The gas station is nearly empty.
One other car at the far pump, engine running, no one visible inside it. A light above the station door flickering in that specific way that suggests it's been flickering for months and no one hasgotten around to replacing the bulb. The fog has followed us from the cabin, sitting thick and low over everything, swallowing the edges of the road and the dark fields beyond.
I get out to stretch my legs because sitting still after everything that happened tonight is its own particular kind of unbearable.
The air is cold and damp and smells like gas and wet earth.
I lean against the side of the car and wrap my arms around myself and that's when I notice him.
He's standing at the corner of the station building, not at a pump, not going inside, just standing there with a coffee cup in one hand that he hasn't lifted in the entire thirty seconds I've been watching him. He's looking at us.

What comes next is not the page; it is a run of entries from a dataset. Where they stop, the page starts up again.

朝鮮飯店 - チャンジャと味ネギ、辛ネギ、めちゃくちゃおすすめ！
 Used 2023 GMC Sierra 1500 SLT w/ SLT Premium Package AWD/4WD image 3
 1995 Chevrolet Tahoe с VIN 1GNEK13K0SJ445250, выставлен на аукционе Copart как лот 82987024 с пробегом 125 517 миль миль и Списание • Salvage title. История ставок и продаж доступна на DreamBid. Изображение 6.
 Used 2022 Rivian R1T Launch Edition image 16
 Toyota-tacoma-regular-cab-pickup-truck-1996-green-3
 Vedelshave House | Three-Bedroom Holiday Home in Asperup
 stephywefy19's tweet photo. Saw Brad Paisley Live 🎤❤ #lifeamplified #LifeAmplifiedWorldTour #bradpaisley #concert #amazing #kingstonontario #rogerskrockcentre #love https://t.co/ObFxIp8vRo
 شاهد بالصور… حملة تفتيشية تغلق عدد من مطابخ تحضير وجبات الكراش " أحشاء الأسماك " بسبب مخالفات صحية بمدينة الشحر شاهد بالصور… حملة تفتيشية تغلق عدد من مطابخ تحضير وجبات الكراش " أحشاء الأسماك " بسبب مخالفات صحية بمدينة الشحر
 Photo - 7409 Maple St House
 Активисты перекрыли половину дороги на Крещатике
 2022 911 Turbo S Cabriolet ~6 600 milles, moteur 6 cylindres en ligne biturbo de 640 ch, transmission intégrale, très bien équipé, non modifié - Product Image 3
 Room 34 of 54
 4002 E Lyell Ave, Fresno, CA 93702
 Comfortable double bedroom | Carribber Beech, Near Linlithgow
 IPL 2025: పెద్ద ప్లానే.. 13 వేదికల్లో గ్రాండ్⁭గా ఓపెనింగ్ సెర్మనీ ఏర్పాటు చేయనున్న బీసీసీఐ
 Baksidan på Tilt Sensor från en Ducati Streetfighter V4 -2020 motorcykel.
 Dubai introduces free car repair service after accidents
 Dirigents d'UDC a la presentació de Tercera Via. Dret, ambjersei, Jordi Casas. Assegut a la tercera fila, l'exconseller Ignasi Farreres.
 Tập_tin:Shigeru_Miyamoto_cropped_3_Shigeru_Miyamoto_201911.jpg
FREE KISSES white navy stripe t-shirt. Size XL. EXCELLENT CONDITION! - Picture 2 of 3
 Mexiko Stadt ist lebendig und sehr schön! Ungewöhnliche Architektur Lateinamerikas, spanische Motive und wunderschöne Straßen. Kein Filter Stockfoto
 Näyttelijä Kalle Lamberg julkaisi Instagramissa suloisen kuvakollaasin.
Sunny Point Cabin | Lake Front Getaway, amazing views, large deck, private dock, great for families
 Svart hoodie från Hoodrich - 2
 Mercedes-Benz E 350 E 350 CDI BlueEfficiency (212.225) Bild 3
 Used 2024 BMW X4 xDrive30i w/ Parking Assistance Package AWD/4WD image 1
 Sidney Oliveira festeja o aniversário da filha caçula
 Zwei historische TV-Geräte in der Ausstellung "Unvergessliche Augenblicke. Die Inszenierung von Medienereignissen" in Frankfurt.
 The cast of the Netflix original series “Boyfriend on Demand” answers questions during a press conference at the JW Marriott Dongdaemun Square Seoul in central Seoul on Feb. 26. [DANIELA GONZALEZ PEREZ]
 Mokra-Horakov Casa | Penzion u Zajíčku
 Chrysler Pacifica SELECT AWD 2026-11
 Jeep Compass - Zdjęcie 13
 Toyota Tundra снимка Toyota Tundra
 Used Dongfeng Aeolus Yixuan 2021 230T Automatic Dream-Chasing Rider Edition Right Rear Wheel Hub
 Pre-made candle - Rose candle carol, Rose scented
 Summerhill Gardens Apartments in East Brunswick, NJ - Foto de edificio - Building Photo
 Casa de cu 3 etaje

Not the casual glancing of someone who noticed movement in their peripheral vision. Not the idle curiosity of a bored man waiting for something. This is fixed and deliberate and specific, his eyes moving between me and Enzo and back to me with an attention that makes the back of my neck go cold.
I don't move. I don't look away from him. I just go still the way I've learned to go still when something is wrong and I don't yet know how wrong.
Enzo is beside me before I've registered him moving.
He doesn't look at the man. He doesn't acknowledge him in any visible way. He simply repositions himself, adjusting where he's standing at the pump, and suddenly his body is between me and the corner of the building and the angle the man would need to close the distance to reach me.
His hand brushes my lower back, light and brief.
Back to the car.
I open the passenger door and get in without hurrying, without looking back, and I watch through the windshield as Enzo finishes paying with the particular efficiency of someone who is wrapping up a task and not running from anything, nothing in his posture or his pace that the watching man could point to as fear.
He gets in.
The engine starts immediately.
We pull out of the gas station and onto the road and I watch the man in the wing mirror until the fog swallows him and he disappears into the grey.
Neither of us speaks for a moment.
"He was watching us," I say.
"Yes."
"You saw him before I did."
"Yes."
"Is he O'Rourke's?"
Enzo's jaw is tight and his eyes are on the road and the mirrors in rotation, that systematic checking that never stops. "I don't know for certain. But a man standing at a gas station in the fog at two in the morning not buying gas, watching us with that kind of focus—" He doesn't finish the sentence. He doesn't need to.
"So they know we left the cabin."
"They know we're moving. Whether they know where we're going depends on whether that man has someone to call." He glances in the mirror again. "We need to stop for the night. I can't drive safely with this visibility."
"Okay."
"You're not going to argue?"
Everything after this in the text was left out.